Wir Menschen schwanken oft zwischen den Extremen hin und her. Für manche ist die Sünde überall, für Andere nirgendwo. Diesmal liegt die Lösung nicht in der Mitte, denn es gibt sie, die echte Schuld. Ich kann sie nur um den Preis meiner Integrität leugnen. Sie kann zur Lebenslüge werden, wenn ich mich ihr nicht stelle. Sie wird heil durch befreiende Barmherzigkeit und Liebe. Nicht umsonst ist dieses Thema auch der Stoff für viele Romane und Filme.

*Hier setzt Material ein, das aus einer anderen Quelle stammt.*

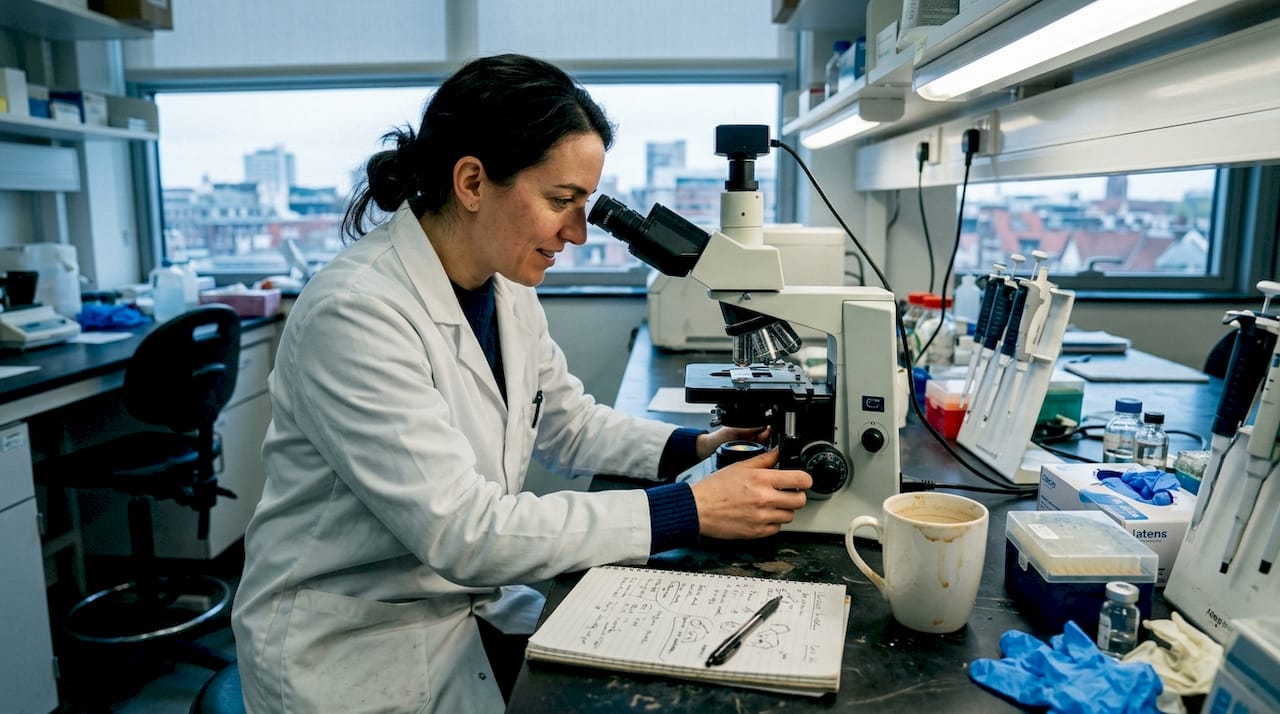 Scientist studying slides at lab bench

Die Bitte um die Vergebung meiner Schuld setzt die Einsicht voraus, dass ich oft gegen mein besseres Wissen handle, gegen mein Gewissen und gegen die lange geduldige Geschichte Gottes mit mir. Und ich merke es oft nicht einmal. … Jesus spricht im Geist seines Vaters: “Gib mir deine Last.“ und wir halten sie oft fest wie einen Schatz, sagt Henri Nouwen.
Unser Alltag ist der Ort, wo sich unser Leben hauptsächlich abspielt. Er ist auch der Ort vieler kleiner Entscheidungen, die dann allmählich zu einer Haltung werden. Jemand hat es einmal so ausgedrückt: „Unsere eigentliche Schuld besteht darin, dass wir Gott im Alltag nicht erkennen.“
Kann uns Ordensleuten das auch passieren, wo doch die Struktur unseres Tages auf Gott hin ausgerichtet ist? Ja, denn wir sind Menschen, die wie alle in Gefahr sind, in Gewohnheiten zu verarmen oder uns in Ablenkungen zu verlieren.
Wir brauchen auch immer wieder den neuen Anfang miteinander in der Gemeinschaft. Den Anderen ihr Anderssein zu verzeihen, kann schwer sein, besonders wenn man sehr verschiedene Wellenlängen hat, wie man umgangssprachlich sagt.
Die Erzählung vom unbarmherzigen Gläubiger ( Mt 18,23-35) zeigt uns die Verwobenheit der beiden Sätze im Vaterunser. Wem viele Schulden erlassen worden sind, der kann doch nicht unbarmherzig sein gegen einen, der ihm nur eine Kleinigkeit schuldig geblieben ist.
Ist das nicht ein Anruf an uns, etwas großzügiger zu werden in unserem Denken und kleine Unstimmigkeiten so zu lassen, wie sie sind: kein Weltuntergang, sondern einfach normale Gegebenheiten unseres Alltags.